Principles of Ion Chromatography
Retention Models in Anion Chromatography
The retention model for anionic chromatography can be split into two distinct models, one for describing eluents with a single anion, and the other for describing eluents with complexing agents present. Given an eluent anion or an analyte anion, two phases are observed, the stationary phase (denoted by S) and the mobile phase (denoted by M). As such, there is equilibrium between the two phases for both the eluent anions and the analyte anions that can be described by Equation \ref{1}.
\[ y*[A^{x-}_{M}]\ +\ x*[E^{y-}_{S}]\ \Leftrightarrow \ y*[A^{x-}_{S}]\ +\ x*[E^{y-}_{M}] \label{1} \]
This yields an equilibrium constant as given in Equation \ref{2} .
\[ K_{A,E} = \frac{ [A^{x-}_{S}]^{y} [E^{y-}_{M}]^{x} \gamma ^{y} _{A^{x-}_{S} } \gamma ^{x} _{E^{y-}_{S}} }{ [A^{x-}_{M}] ^{y} [E^{y-}_{S}]^{x} \gamma ^{y} _{A^{x-}_{M}} \gamma ^{x} _{E^{y-}_{S}}} \label{2} \]
Given the activity of the two ions cannot be found in the stationary or mobile phases, the activity coefficients are set to 1. Two new quantities are then introduced. The first is the distribution coefficient, DA, which is the ratio of analyte concentrations in the stationary phase to the mobile phase, Equation \ref{3} . The second is the retention factor, k1A, which is the distribution coefficient times the ratio of volume between the two phases, Equation \ref{4} .
\[ D_{A} \ =\ \frac{[A_{S}]}{[A_{M}]} \label{3} \]
\[k_{A}^{1} \ = \ D_{A} * \frac{V_{S}}{V_{M}} \label{4} \]
Substituting the two quantities from Equation \ref{3} and Equation \ref{4} into Equation \ref{2} , the equilibrium constant can be written as Equation \ref{5}
\[ K_{A,E} \ = (k_{A}^{1} \frac{V_{M}}{V_{S}})^{y} * (\frac{[E_{M}^{y-} ]}{[E^{y-}_{S}]})^{x} \label{5} \]
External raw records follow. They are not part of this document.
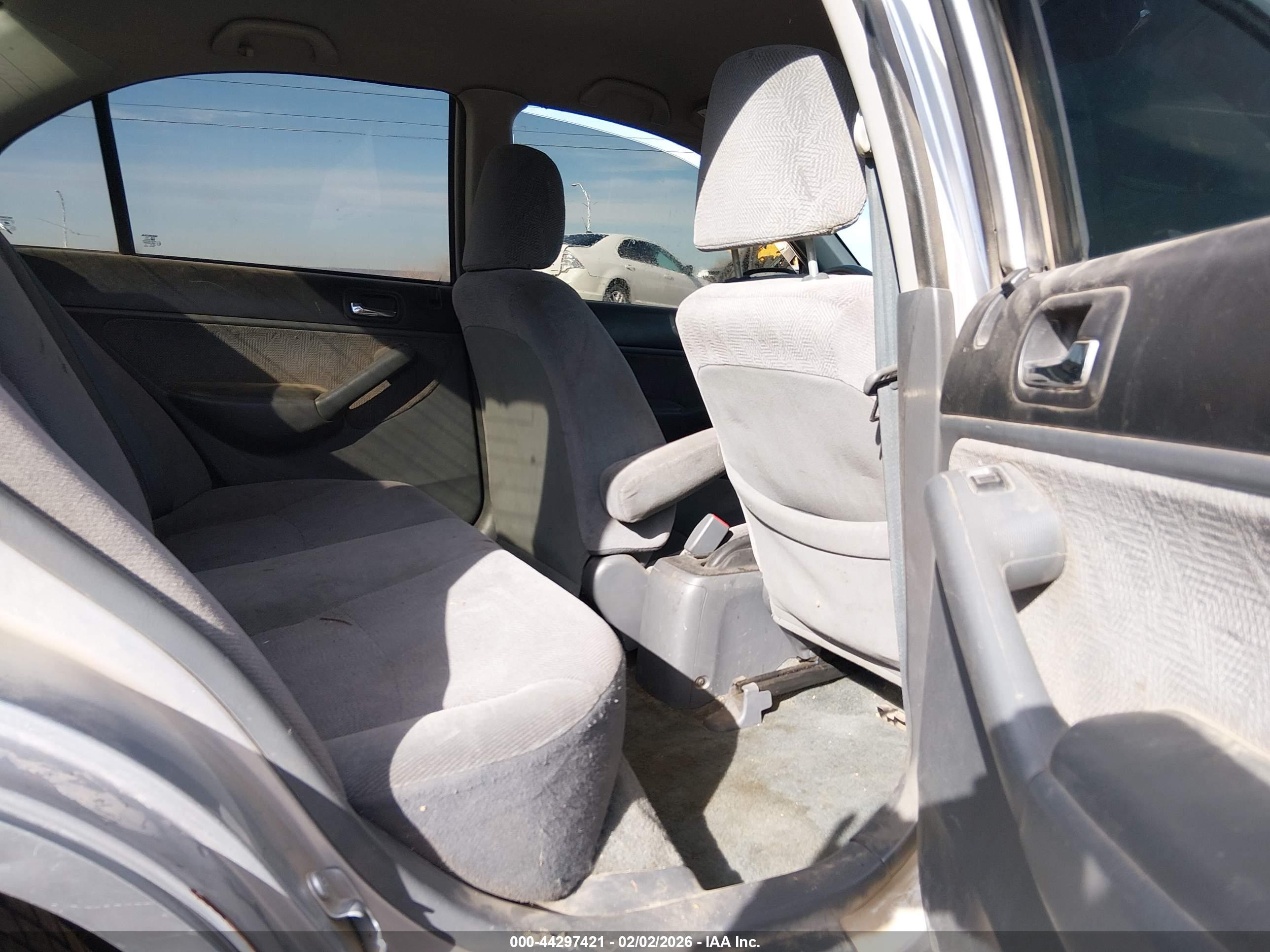 HONDA CIVIC image 8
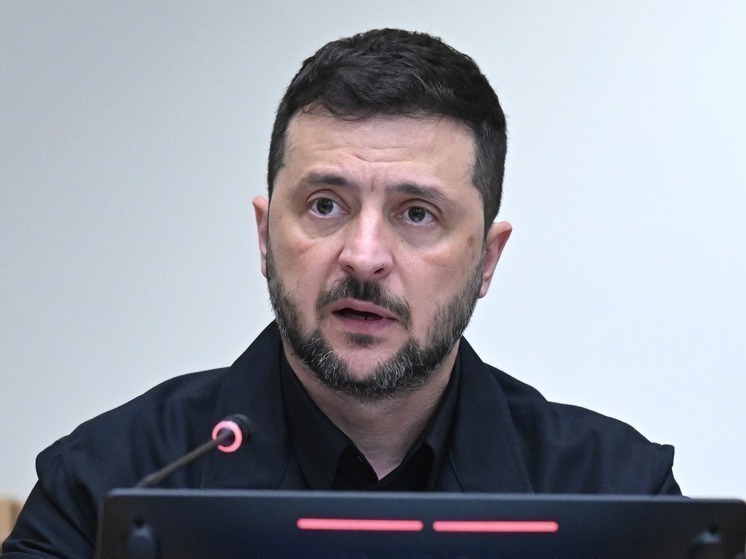 Zelensky s'étonne de la déclaration de Trump sur la possibilité d'un retour aux frontières de 2022.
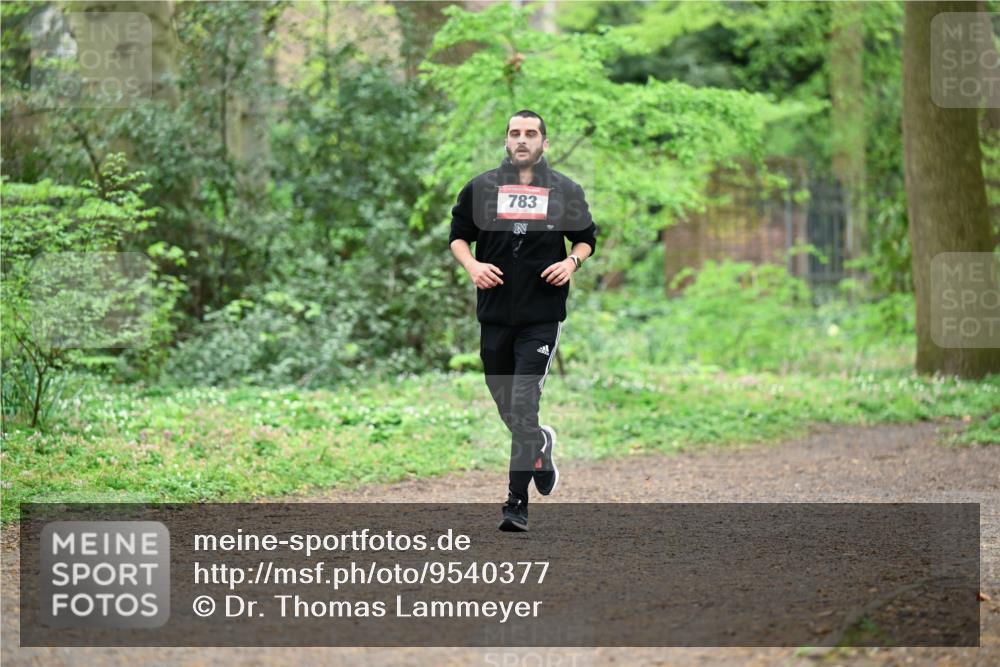 19.04.2026 - Hammer Lauf Dr. Thomas Lammeyer http://msf.ph/oto/9540377 19.04.2026 10:42:50 Laufen 783 meine-sportfotos.de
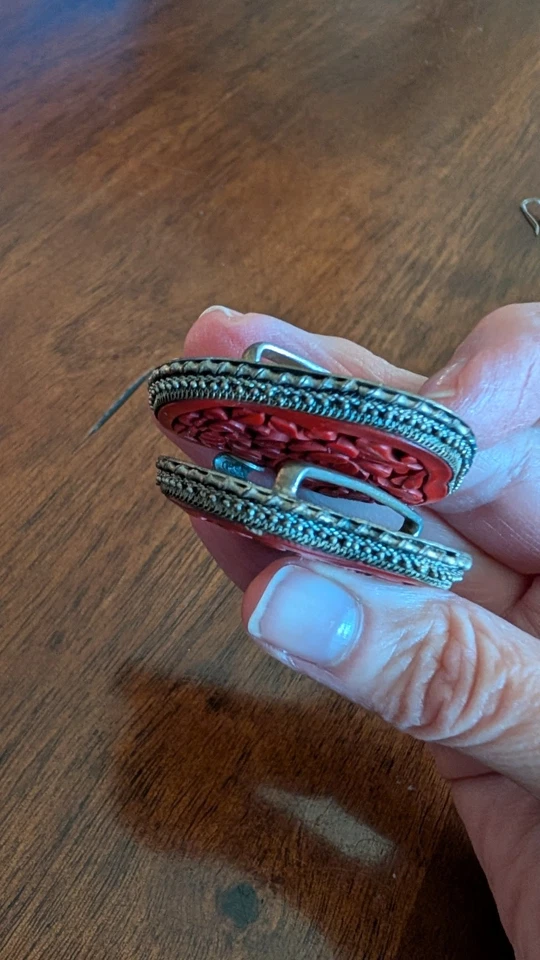 De colección (2) 1930 cinabrio tallado China en forma de corazón hebillas de cinturón detalladas plateadas UJ1 Foto 3 de 4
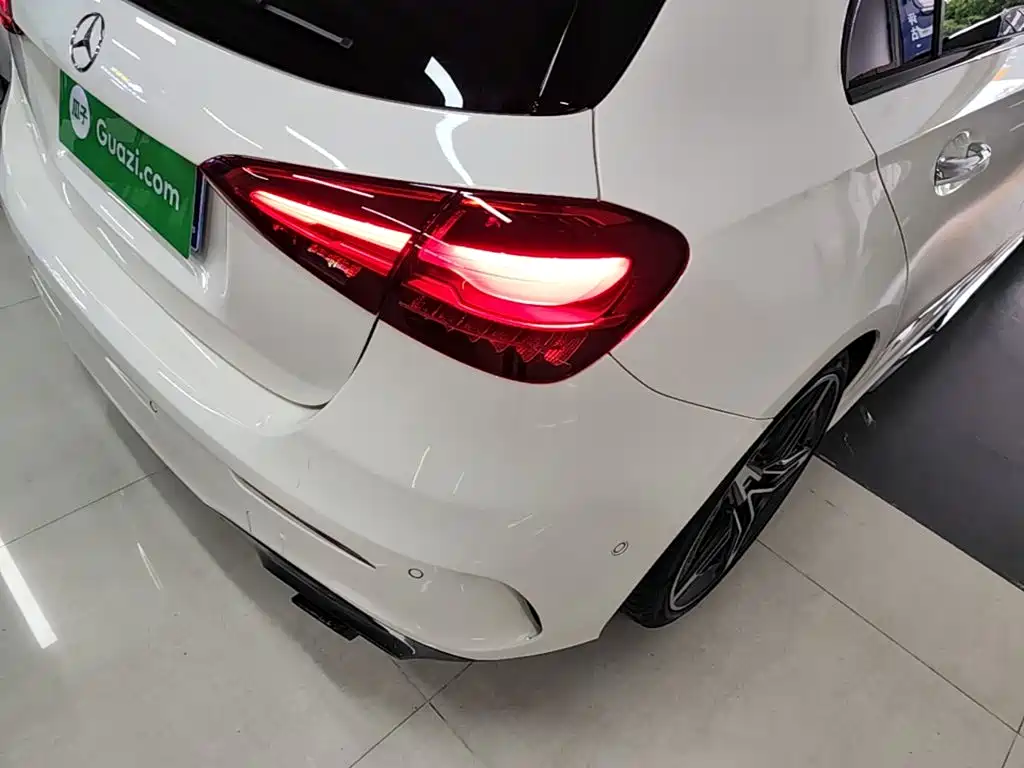 Mercedes-Benz A-Class AMG 2024 — фото 8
Given there is usually a large difference in concentrations between the eluent and the analyte (with magnitudes of 10 greater eluent), equation 4 can be re-written under the assumption that all the solid phase packing material’s functional groups are taken up by Ey-. As such, the stationary Ey- can be substituted with the exchange capacity divided by the charge of Ey-. This yields Equation \ref{6}
\[ K_{A,E} \ = (k_{A}^{1} \frac{V_{M}}{V_{S}})^{y} * (\frac{Q}{\gamma })^{-x} [E_{M}^{y-}] \label{6} \]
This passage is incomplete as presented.